Most Efficient Way to Find All the Factors of a Number?

Question

Disclaimer: There are similar questions to this one on SO, however they all either don't address the efficiency of an algorithm or are written in a different language. See this answer which talks about efficiency in python and see if it helps you answer my question.

So I need the most efficient way to find all of the factors of any given number that works quickly with very large numbers. I already have several iterations of code that works but takes a very long time to process numbers with more than 6 characters.

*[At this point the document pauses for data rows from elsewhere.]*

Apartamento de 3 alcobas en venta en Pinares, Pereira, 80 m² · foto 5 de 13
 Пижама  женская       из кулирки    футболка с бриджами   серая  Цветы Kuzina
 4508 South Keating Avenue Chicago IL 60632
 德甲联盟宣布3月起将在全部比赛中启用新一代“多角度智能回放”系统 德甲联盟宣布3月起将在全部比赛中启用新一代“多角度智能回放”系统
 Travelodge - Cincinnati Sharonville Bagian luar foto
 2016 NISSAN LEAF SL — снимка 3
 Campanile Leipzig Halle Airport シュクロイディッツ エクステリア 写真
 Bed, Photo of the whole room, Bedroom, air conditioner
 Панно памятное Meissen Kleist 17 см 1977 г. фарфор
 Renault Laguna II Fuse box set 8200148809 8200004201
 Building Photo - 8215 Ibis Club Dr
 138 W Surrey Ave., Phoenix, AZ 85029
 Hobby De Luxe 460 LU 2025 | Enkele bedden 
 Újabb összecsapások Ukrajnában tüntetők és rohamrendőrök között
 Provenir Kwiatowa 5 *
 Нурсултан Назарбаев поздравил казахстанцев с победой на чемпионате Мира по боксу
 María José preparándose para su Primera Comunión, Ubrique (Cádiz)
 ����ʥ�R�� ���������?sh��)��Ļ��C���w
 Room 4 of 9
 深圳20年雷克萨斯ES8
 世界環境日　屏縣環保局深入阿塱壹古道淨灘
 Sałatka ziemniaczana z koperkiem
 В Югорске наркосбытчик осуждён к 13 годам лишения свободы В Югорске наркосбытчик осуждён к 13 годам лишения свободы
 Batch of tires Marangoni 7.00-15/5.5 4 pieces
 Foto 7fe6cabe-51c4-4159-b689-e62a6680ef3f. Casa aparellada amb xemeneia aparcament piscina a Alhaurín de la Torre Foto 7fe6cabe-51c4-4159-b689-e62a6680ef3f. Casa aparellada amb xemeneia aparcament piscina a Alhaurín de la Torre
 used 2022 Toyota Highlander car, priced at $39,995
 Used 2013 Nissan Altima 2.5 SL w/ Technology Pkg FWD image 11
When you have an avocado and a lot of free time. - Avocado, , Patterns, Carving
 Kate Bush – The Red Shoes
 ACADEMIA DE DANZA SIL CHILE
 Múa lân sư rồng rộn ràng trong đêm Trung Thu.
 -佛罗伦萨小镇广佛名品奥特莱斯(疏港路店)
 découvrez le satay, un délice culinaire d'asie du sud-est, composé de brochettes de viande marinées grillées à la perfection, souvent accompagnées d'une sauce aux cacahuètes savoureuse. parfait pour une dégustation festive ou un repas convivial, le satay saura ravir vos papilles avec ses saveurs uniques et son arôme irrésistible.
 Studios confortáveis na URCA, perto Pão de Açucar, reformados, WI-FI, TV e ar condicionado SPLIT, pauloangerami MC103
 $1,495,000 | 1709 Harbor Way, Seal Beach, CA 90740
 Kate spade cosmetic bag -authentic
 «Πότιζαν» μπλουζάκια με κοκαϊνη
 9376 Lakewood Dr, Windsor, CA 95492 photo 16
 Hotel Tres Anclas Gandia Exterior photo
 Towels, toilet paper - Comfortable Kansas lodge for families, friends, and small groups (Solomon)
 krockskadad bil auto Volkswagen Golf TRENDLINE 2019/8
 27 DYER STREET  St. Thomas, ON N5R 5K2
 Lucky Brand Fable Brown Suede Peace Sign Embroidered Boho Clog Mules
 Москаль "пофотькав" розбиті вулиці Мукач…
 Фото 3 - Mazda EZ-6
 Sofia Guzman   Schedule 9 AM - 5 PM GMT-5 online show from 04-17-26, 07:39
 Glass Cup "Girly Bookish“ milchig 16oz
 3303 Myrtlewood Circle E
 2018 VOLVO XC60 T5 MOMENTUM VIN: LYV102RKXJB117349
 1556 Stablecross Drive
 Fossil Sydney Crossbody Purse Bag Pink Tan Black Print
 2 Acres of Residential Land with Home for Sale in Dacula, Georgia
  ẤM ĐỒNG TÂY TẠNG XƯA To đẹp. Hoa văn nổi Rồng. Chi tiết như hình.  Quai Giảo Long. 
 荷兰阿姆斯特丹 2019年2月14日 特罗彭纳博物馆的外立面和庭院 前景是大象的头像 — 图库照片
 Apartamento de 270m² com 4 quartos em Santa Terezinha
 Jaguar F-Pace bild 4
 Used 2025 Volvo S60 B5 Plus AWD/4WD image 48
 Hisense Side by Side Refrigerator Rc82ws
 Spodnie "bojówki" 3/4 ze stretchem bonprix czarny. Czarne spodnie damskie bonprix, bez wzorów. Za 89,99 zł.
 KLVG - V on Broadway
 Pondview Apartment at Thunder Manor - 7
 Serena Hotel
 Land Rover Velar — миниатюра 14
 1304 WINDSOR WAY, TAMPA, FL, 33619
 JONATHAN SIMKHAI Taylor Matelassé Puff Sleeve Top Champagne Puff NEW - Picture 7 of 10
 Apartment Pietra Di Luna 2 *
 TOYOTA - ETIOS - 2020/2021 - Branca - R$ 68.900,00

Edit: upon request here are some of my non-efficient ways of doing this (error-checking left out for clarity)

Really messy:

    @IBAction func findFactorsButton(_ sender: AnyObject) {
    if let _ = textField.text, !textField.text!.isEmpty {
        counter = 1
        factors = []
        repeat {
            counter += 1
            if Int(textField.text!)! % counter == 0 {
                factors.append(String(counter))
            } else {
                continue
            }
        } while counter != Int(textField.text!)
        factors.removeLast()
        outputLabel.text = factors.joined(separator: ", ")

    } else {
        outputLabel.text = ""
    }
}

Less messy solution (playground):

func calculateFactors(n: Int) -> String {
    var result: String = ""
    for i in 1...n {
        guard n % i == 0  else {continue}
        result += i == 1 ? "1" : ", \(i)"
    }
    print(result)
    return result
}

Answer 1

Most Python methods in the referenced Q&A What is the most efficient way of finding all the factors of a number in Python? use the fact that factors of n come in pairs: if i is a factor then n/i is another factor. Therefore it is sufficient to test factors up to the square root of the given number.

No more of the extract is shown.